1. Community-based linguistics
First, in linguistics (especially missionary linguistics and Bible translation) these days there is a thing called participatory methods, where they gather stakeholders from an ethnic group and do activities to help them discover the needs of their language, the structure of their language, etc. so they can help make a group decision.
2. Consensus vs the father/patron
I lived in Taiwan for three years, in Thailand for six years, and in Myanmar for a year and a half. In Taiwan, the older generation was more oriented toward the father-figure, department head, or patron calling the shots like in the Confucian model (although the mother actually called most of the shots in things like family worship), whereas consensus was more valued among the 20s-30s generation. When I went on a trip to China with a fellow American and a group of Taiwanese, every decision (such as what hotel to stay at) took a long time because the Taiwanese had to discuss it at length and come to a group decision.
3. In the tribal groups of northern Myanmar that I researched for my linguistics MA thesis, there was an ideology of "unity is good", but in actual practice, groups were often very fractious, and would split off from each other when they didn't agree. Anthropologist Edmund Leach described two kinds of village sociopolitical system in Jinghpaw villages: gumlau (democratic, egalitarian, rebellious, anarchic, ruled by a council) and gumsa (hierarchical, ruled by a chief). Among the Rawang ethnic group that I studied, one of the most influential leaders in the 20th century, Rawang Bezidø, was the son of a shaman who converted to Christianity and helped missionary Robert Morse create an orthography and translate the Bible into his language. According to his daughter, Bezidø's house was a gathering place and lodging house for travelers from all over the region, and so Bezidø was able to learn the news from all around and use this to make wise decisions that led to peace.
4. The idea of personal boundaries is popular in counseling psychology. Its most famous proponents in Christian circles are Henry Cloud and John Townsend in an eponymous series of books. I think it comes from Murray Bowen and Margaret Mahler's models of psychological individuation as a way to separate from dysfunctional family roles. At the center, however, there is a conception of personal autonomy and choice that seems to be self-focused in a way that the Bible is not, and this often contributes to cross-generational estrangements in families where the older generation is not familiar with the new expectations and language of psychologists that the younger generation is using. In her book on friendship, Platonic, Marisa Franco summarizes research on a me-centered vs a we-centered view of boundaries that offers a helpful corrective to this.
Do you have any way forward on Item 4, especially from the monastic writings?
Interesting post. It seems that people today, both in and out of the church, see collective action/democracy as a way of achieving individuality and interacting with destiny.

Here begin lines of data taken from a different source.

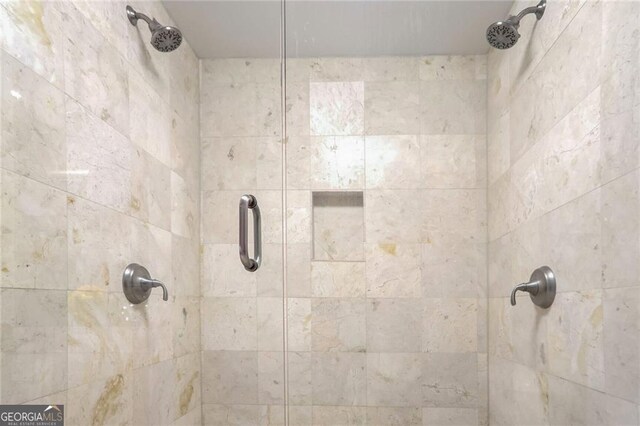 bathroom with an enclosed shower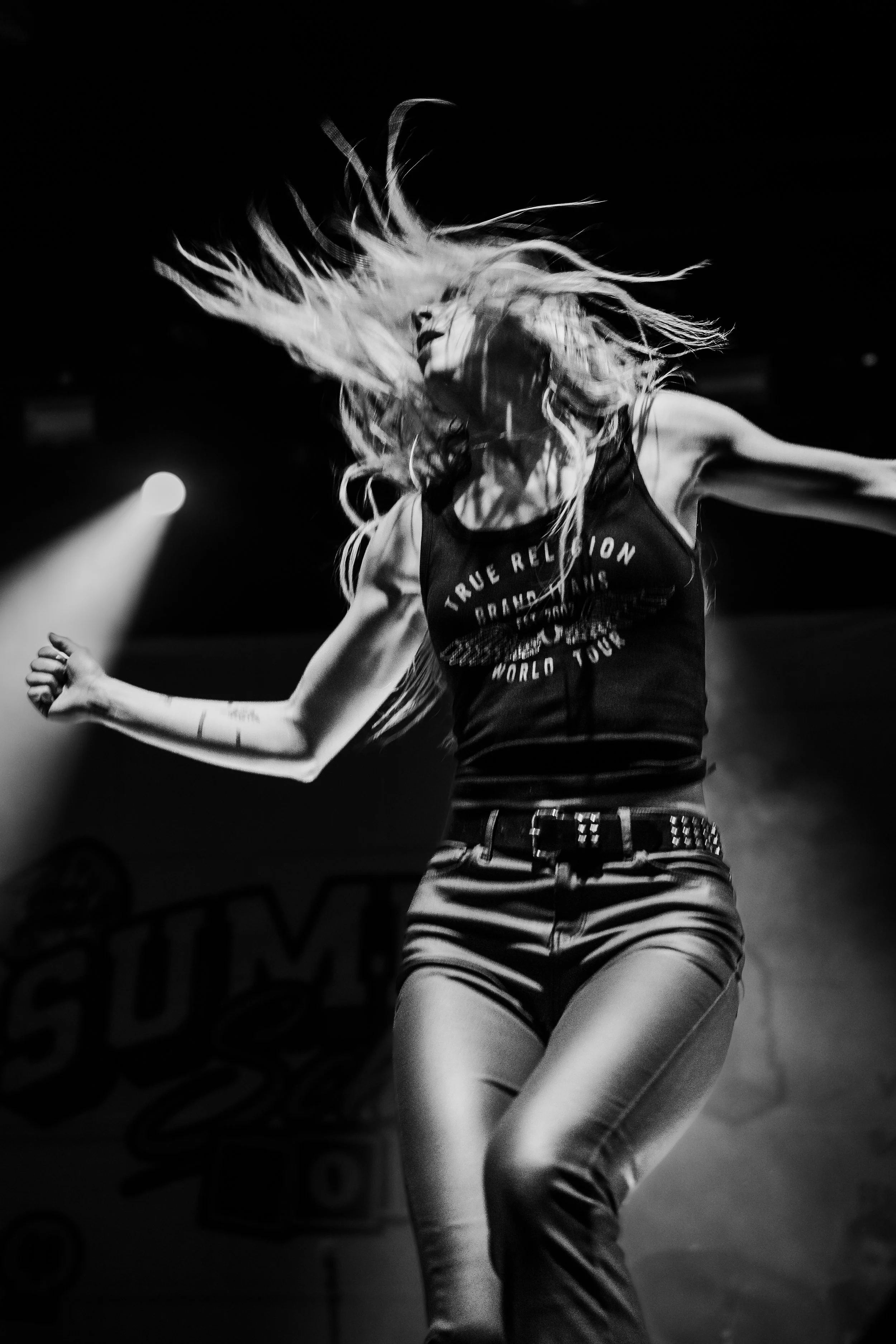 A woman with long hair dancing or jumping on stage, illuminated by a spotlight, in a black and white photo.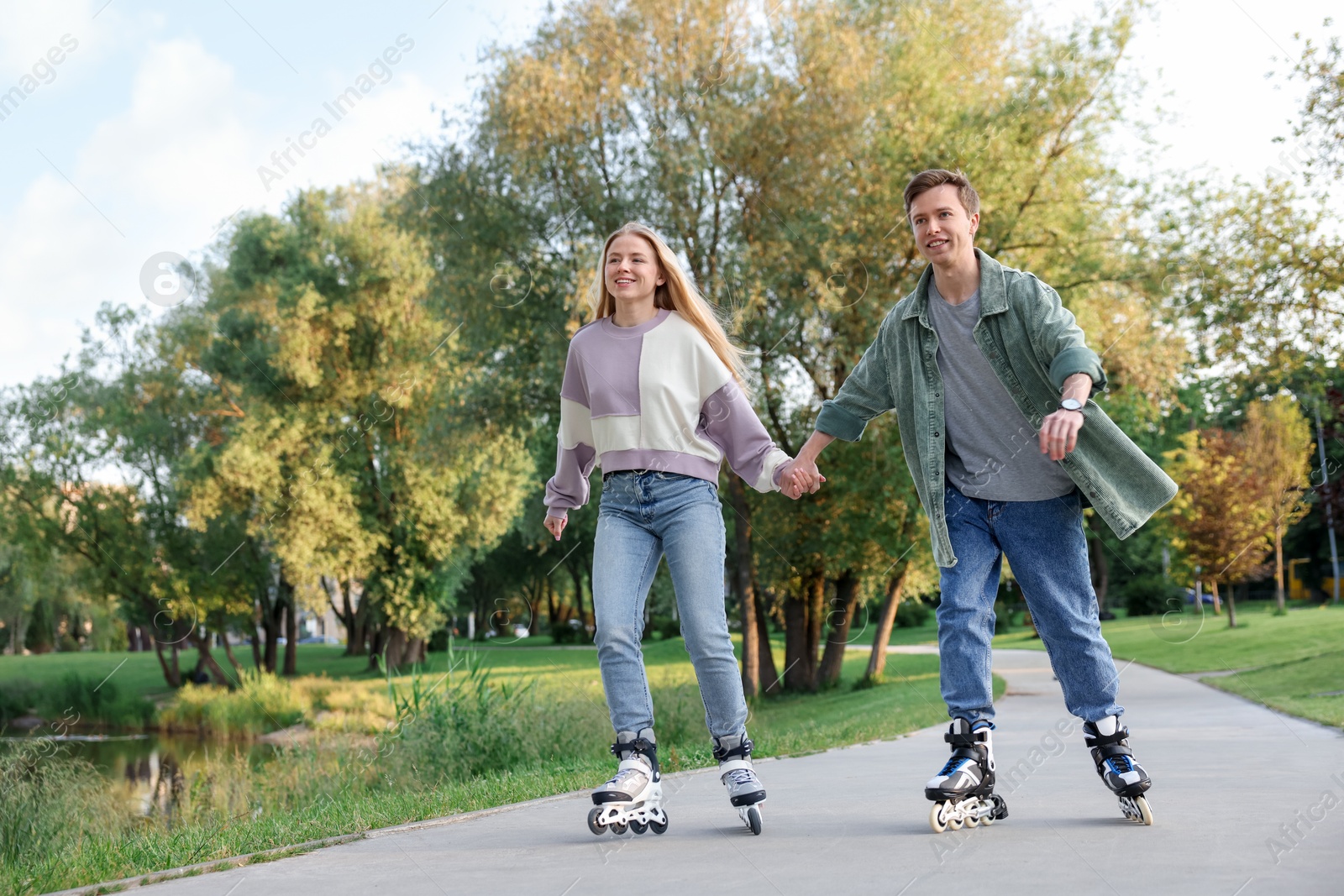 Happy couple roller skating together in park Photo of Happy couple roller skating together in park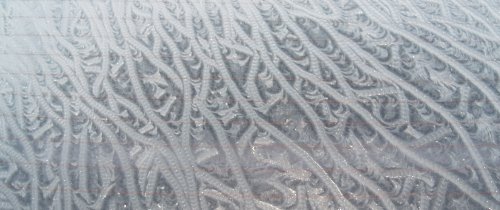 Ice rivulets on car windscreen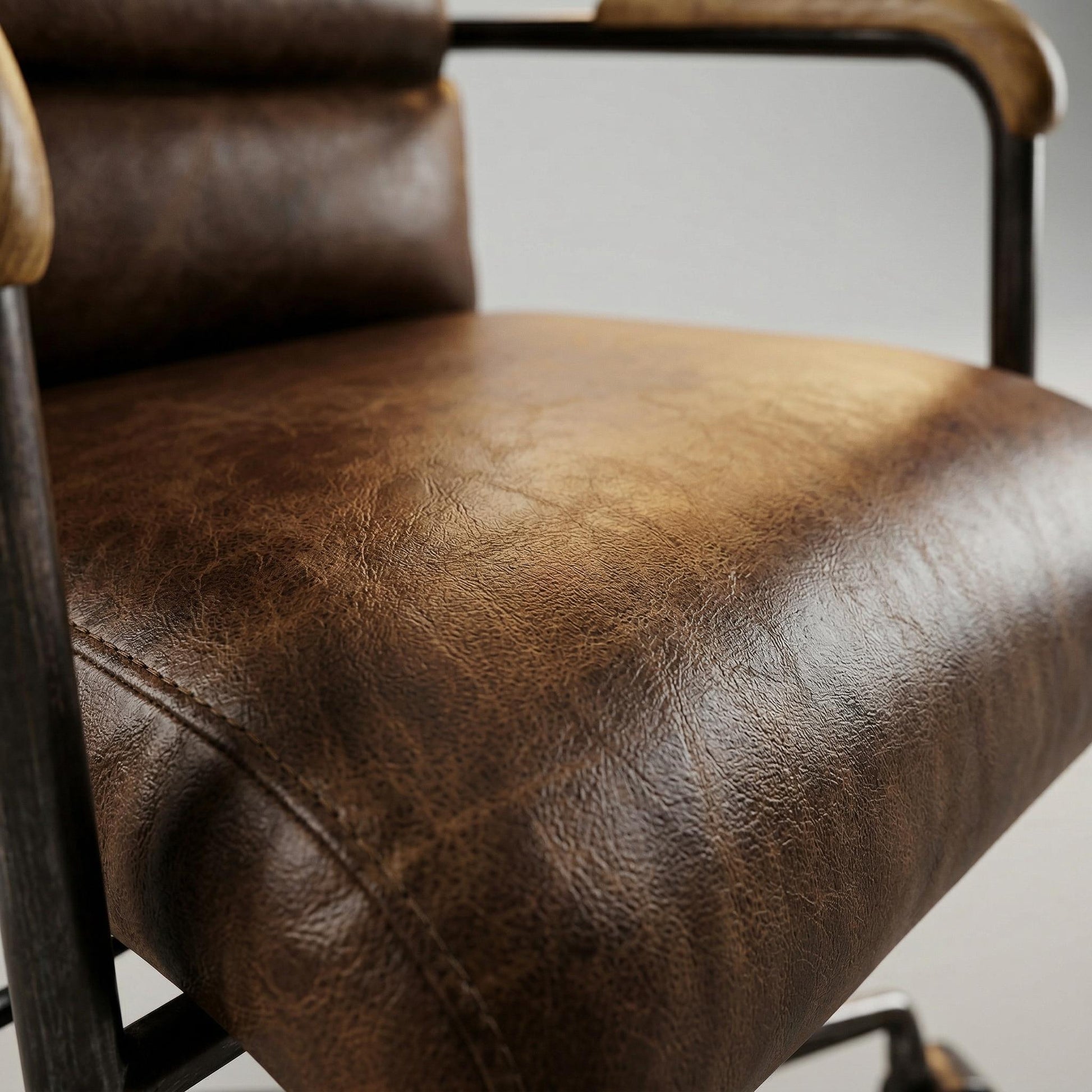 Torin brown office chair showing genuine leather upholstery detail
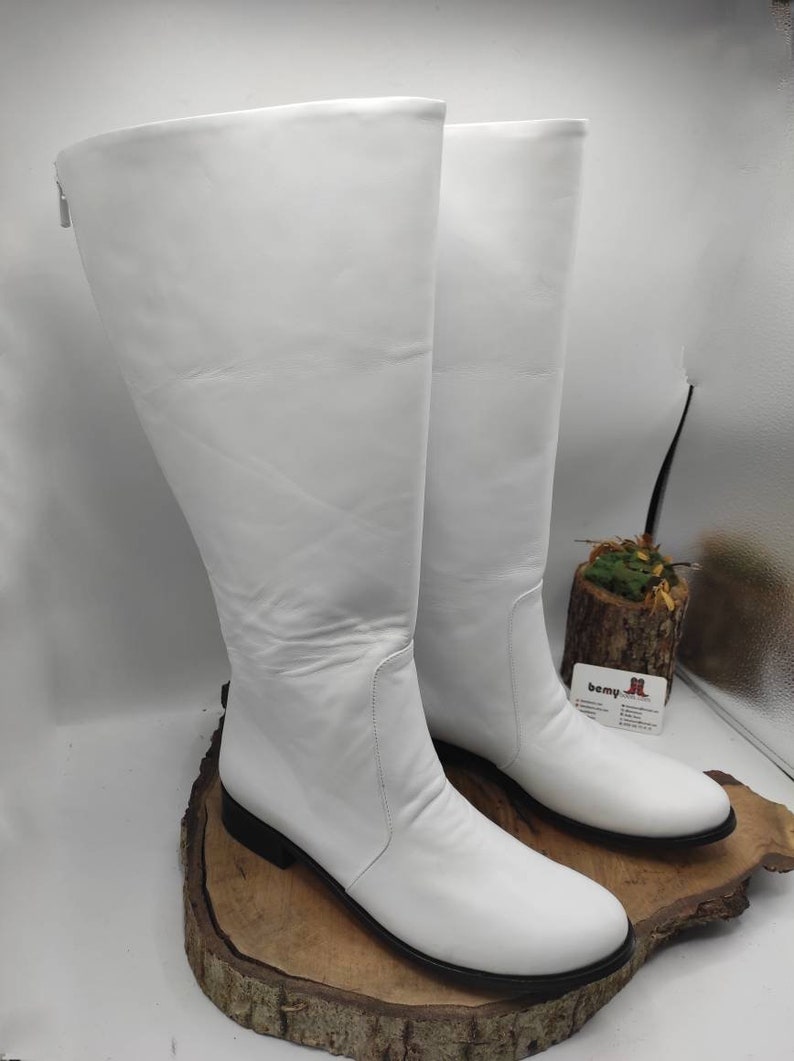 Puede incluir: Un par de botas blancas de cuero de ca&ntilde;a alta con punta puntiaguda y tac&oacute;n bajo de bloque. Las botas tienen una cremallera en el interior del tobillo.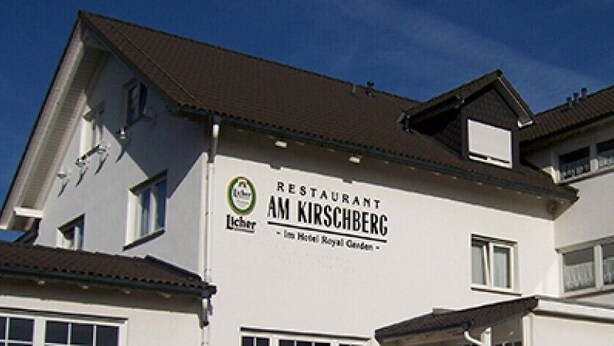 Un edificio con un letrero que dice 'RESTAURANT AM KIRSCHBERG' y 'Licher im Hotel Royal Garden'.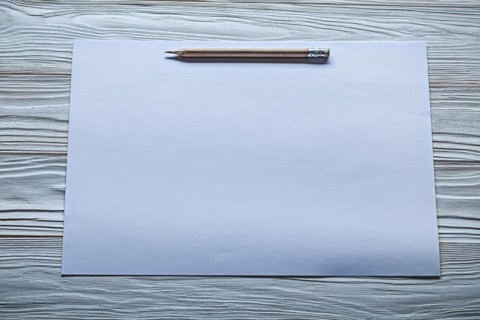 White paper with pencil marks on old wooden panels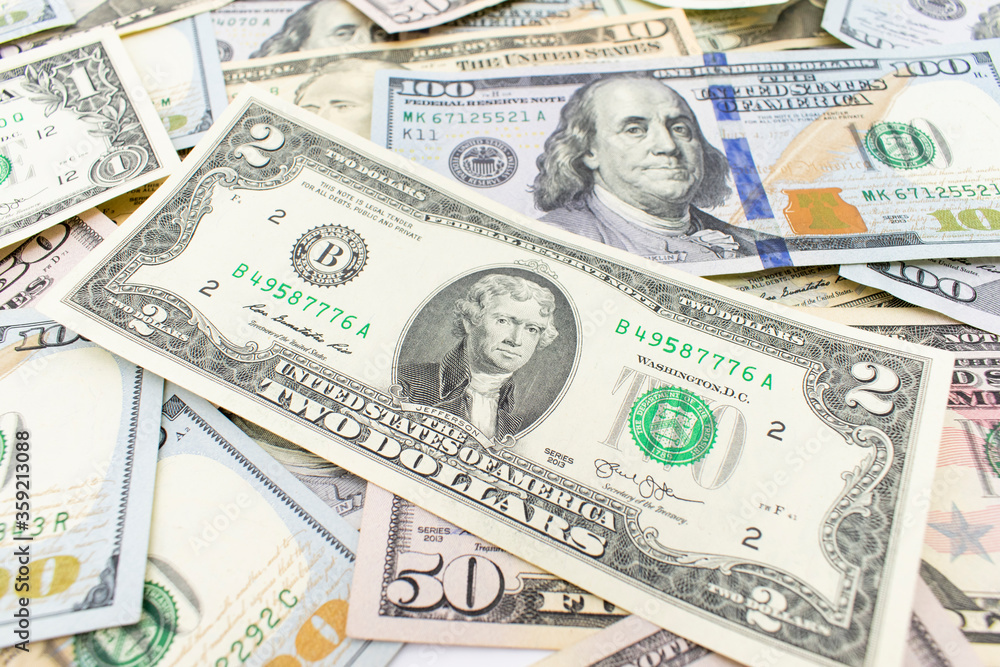 Dolar. American money background texture bills of 2 american dollars. two dollar bill on dollar money background. Dolar. American money background texture bills of 2 american dollars. two dollar bill on dollar money background.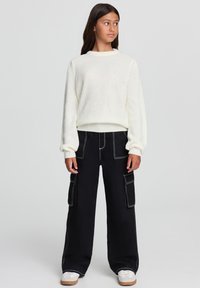 Biały sweter dzianinowy o fakturze ściągacza, zestawiony z czarnymi spodniami cargo o szerokich nogawkach z kontrastowymi szwami i bocznymi kieszeniami. Białe trampki.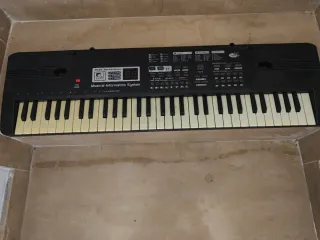 Teclado Musical con Pantalla Digital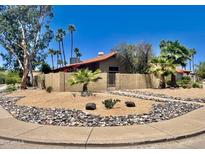 Charming single-story home with desert landscaping, palm trees, and a beautiful walkway at 15226 N 51St St, Scottsdale, AZ 85254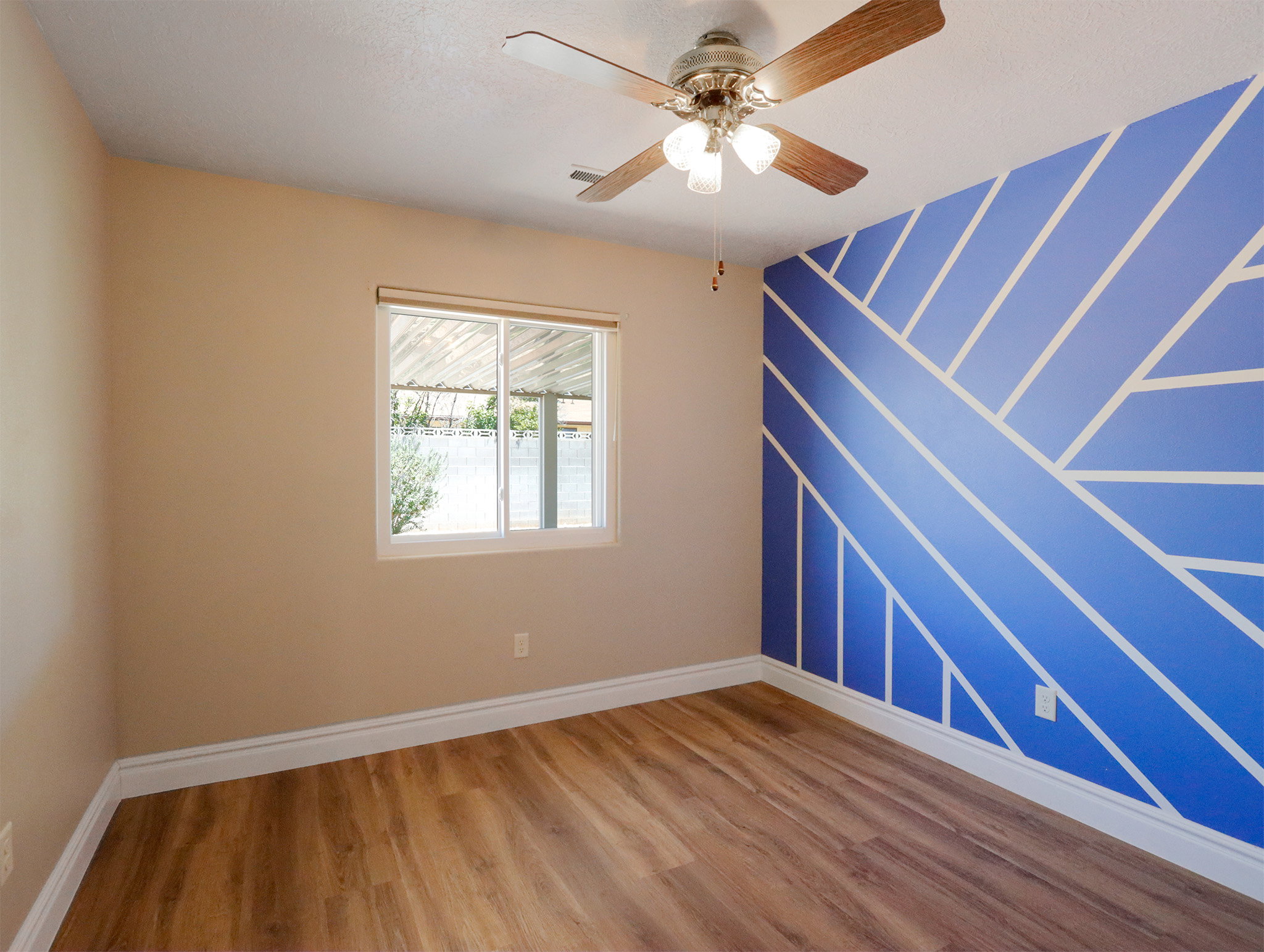 Interior room featuring a blue accent wall with a geometric pattern, wood-finish flooring, and a ceiling fan with integrated lighting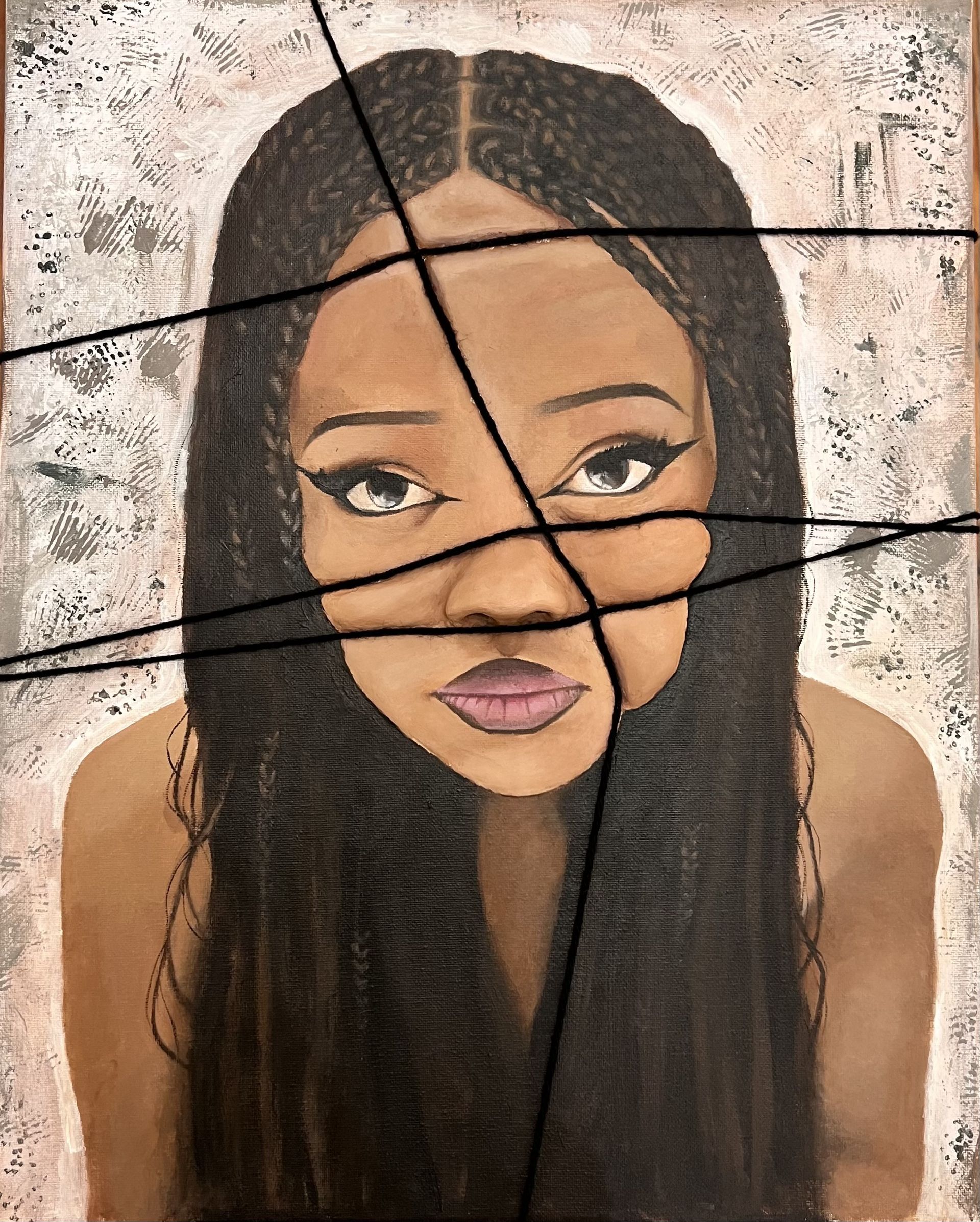 Cracked mural of a woman’s face with long dark hair on a weathered wall.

I've been thinking a lot about Simone Weil's quote, “Only human beings have an eternal destiny. Human collectivities have not got one.” Elsewhere she says, “Idolatry is the name of the error which attributes a sacred character to the collectivity; and it is the commonest of crimes, at all times, at all places.”
I know Weil wasn't a Christian in the orthodox sense, but I think she's correct here. The church is a collective, but has an eternal destiny, right? But, mystically, the church is also an individual: the bride of Christ.
I think to the extent the church participates in the idolatry of democracy, it is a mere collective. To the extent it consists of those who abide in Christ and Christ abided in them, it is achieving its destiny.
Somehow this all seems relevant to what you're talking about here, but I'm not sure.